И все слушатели представляли себе, как пролетела одна галка, а за ней другая, и становилось так грустно. Потом приходил другой настроенник и сообщал, что пробежала собака, а за ней другая собака, и становилось еще грустнее, еще тоскливее. Жизнь, в которой галки летают, а собаки бегают, теряла свой смысл, и что бы ни делали люди и животные, все это примерялось на «болван» хандры, не имеющей ни начала, ни конца. Вырабатывались такие ловкачи, что даже свой ночной храп переложили в музыкальную элегию, и в свистении их интеллигентного носа слышалось что-то такое печальное, грустно-красивое и безнадежно-одинокое. И таким людям был первый кусок и место в красном углу, и чем нуднее и универсальнее было их нытье, тем большим почетом и любовью окружали их. Создавалась особая манера говорить — жалостная, тихая, причем, редкая улыбка показывалась, как луч солнца среди туч, после которого, как известно, становится еще грустнее. И всю природу запрягли в эту упряжку безначальной и бесконечной грусти, и все листья на всех деревьях в России умели шелестеть только о печальном. Все кудрявые березки стали плакучими ивами, все дубы — дубинами, — в этом есть что-то непонятно-печальное, — и когда гимназист шел на свидание, в его уме складывались такие безнадежно унылые фразы, которыми он несказанно огорошит предмет своей грустно-одинокой любви:

— Мне отдали сегодня балльник, и в нем одиноко стояла печальная единица.
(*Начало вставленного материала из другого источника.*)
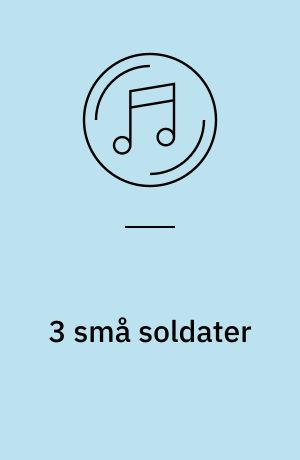 3 små soldater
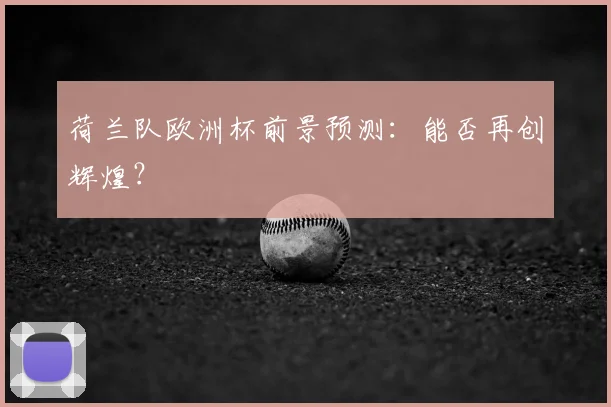 荷兰队欧洲杯前景预测:能否再创辉煌?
Направо и налево раскидывались белые поля, и единица стояла, и я думал о других балльниках с белыми полями и других одиноких единицах. Грустно шелестели листы учебников, и в безнадежной апатии свисали со стула фалды учителя, а где-то далеко кричал француз: «вон, мальчишка».

И кто не умел грустить сам, тот непременно обзаводился грустящими друзьями и кормил их, а они грустили.

И вот — и вот внезапно рухнул трон всех грустящих. Положение трагическое для людей, и мыслительную свою и говорильную машину навсегда приспособивших к меланхолии. Чувствует, что надо говорить что-то такое этакое веселое, бодрое, а как оно говорится, не знает. Попробует начать по-старому:

— Пролетела галка…

И как потом галку он ни позорит, а грусти настоящей уже не получает. Но и веселья нет. Так, ни к чему. Попробует на природу сослаться: был я, дескать, сегодня в парке и видел, как деревья наклонились к друг другу и о чем-то грустно шептались…

— А почему вы знаете, что грустно?

Скверное положение. В душе пустота, на языке дребедень; и хочется бодрого, а силушки у него нет. А тут бок о бок вырастает молодое, зеленое, шумное и бодрое, и просит жизни и работы. Скверное положение!

Так сказал учитель (лат.).
Лицо, пользующееся особым вниманием (лат.).